Re: Example of expression bias?

From: Bob Badour <bbadour_at_pei.sympatico.ca>
Date: Tue, 20 Jun 2006 20:45:08 GMT
Message-ID: <o7Zlg.103$pu3.1727_at_ursa-nb00s0.nbnet.nb.ca>


Tony D wrote:

> Cimode wrote:
>

>>I meant nothingness.

>
> Then be more careful with your method of expression. But your method of
> expression is quite obviously the least of your problems ...
>
>>Usefulness does not determine soundness.

Ironically, the crank apparently concluded I was a fraud for noting that the difference between a valid argument and a sound argument depends on the truth of the premises.
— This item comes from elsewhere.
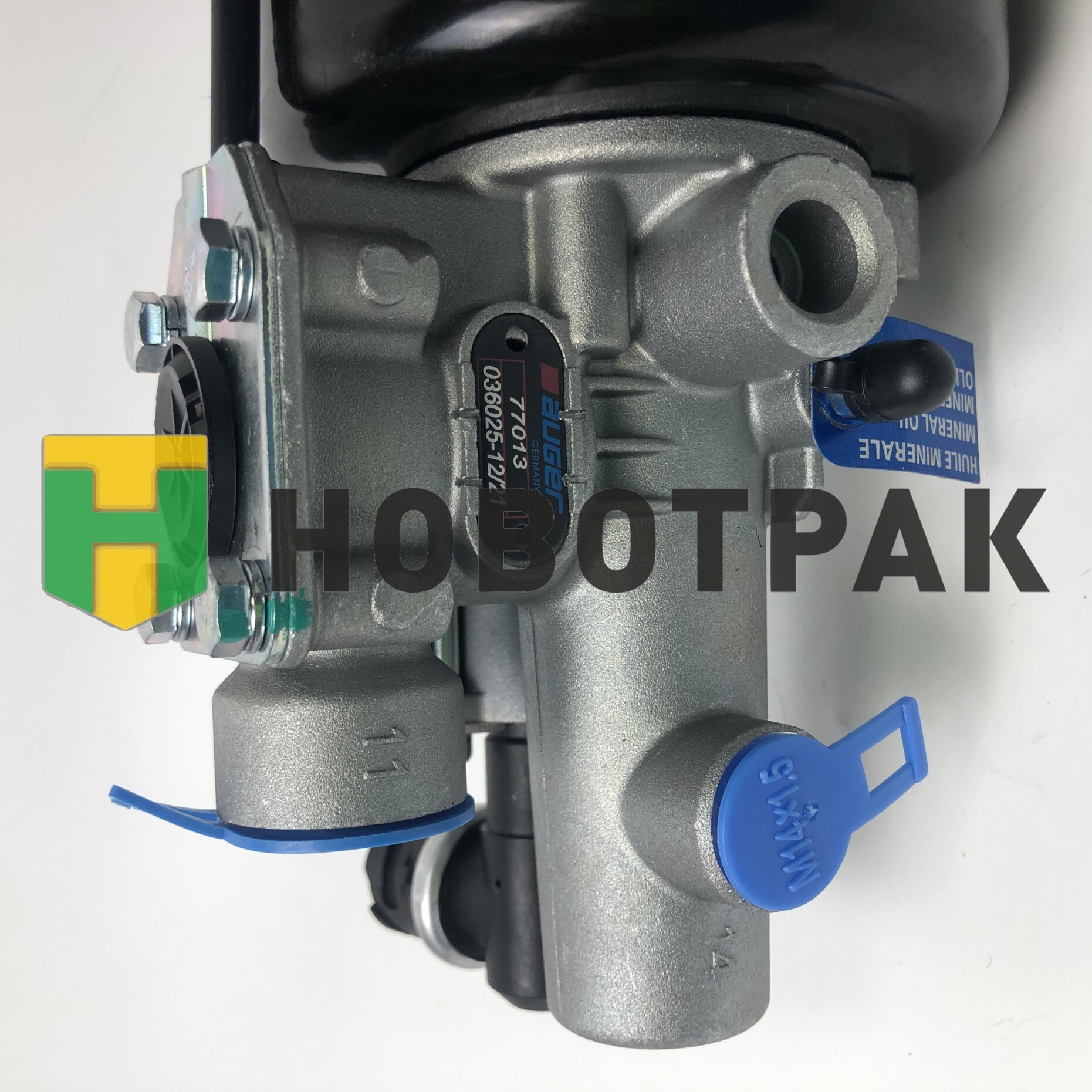 ПГУ сцепления MAN TGA 77013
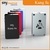 Hot mech mod unregulated Kungfu mod SMY 260w box mod from Smy maufacturer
Perhaps, he should expand his wikipeducation to include propositional logic, modus ponens and modus tollens.

> And quite obviously, you haven't bothered to read anything about the
> lambda calculus; it pre-dates electronic computers and programming as
> it is currently known. It is a formalism for describing and discussing
> computable functions. It is provable (and was, as part of the
> Church-Turing Thesis - look it up) that any computable function can be
> described in terms of the lambda calculus. If you still need a proof of
> soundness, disengage your bile ducts and start doing some reading.

And that too. (One wonders whether he realises that Church-Turing has nothing to do with cathedrals and bus trips.)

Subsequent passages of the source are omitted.